AI is the New Electricity, But Learning is the Real Enabler
Driving past Stonehenge after Storm Goretti had swept through Cornwall, I was listening to the radio. The hedgerows were battered, the sky still unsettled and those ancient stones stood exactly where they always have, quiet, enduring and unconcerned with the weather.
It was in that moment that technology correspondent Rory Cellan-Jones made an observation that stopped me mid-thought: Saying your company “uses AI” is like saying it “uses electricity”.
Surrounded by something that has lasted thousands of years, the comment struck a chord, because it perfectly described what I see every day, working with organisations trying to make AI deliver real value: AI isn’t the enabler – learning is.
From AI Adoption to Organisational Learning
As AI becomes embedded across platforms, products, and processes, the conversation has to move on.
The question is no longer: “How do we deploy AI?”
It is now: “What do our people need to learn for AI to make a difference?”
When electricity transformed industry, organisations didn’t just install cables.

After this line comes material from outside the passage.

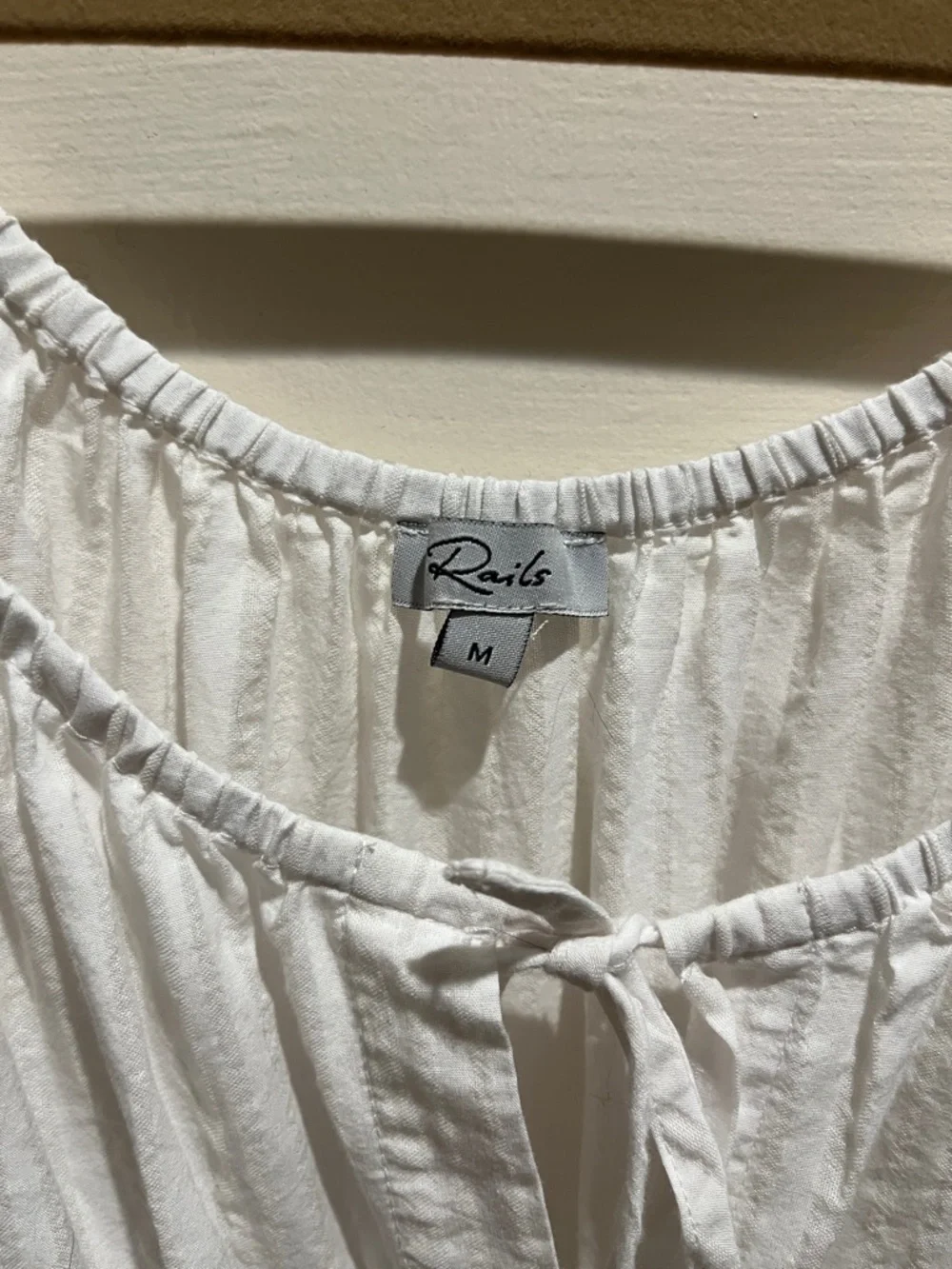 Rails White Tie-Neck Smocked Top - Picture 2 of 4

They learned new ways of working, new safety standards, new roles and entirely new mental models of productivity and then created new products!
AI demands the same and at speed.
Learn more about the essentials of AI for business in my recent AI Operating Models Insight.
Learning Is the Real Constraint on AI Value
In practice, most AI initiatives don’t stall because of technology. They stall because learning lags behind deployment.
People struggle to answer:
- What is this AI actually for in my role?
- When should I trust it and when should I challenge it?
- How does my judgement still matter?
- What do I do differently tomorrow?
And because the success of any technology initiative hinges on whether people adopt the new tool or not, if those questions aren’t answered, AI remains theoretical, and value stays locked in proof of concepts and backlogs.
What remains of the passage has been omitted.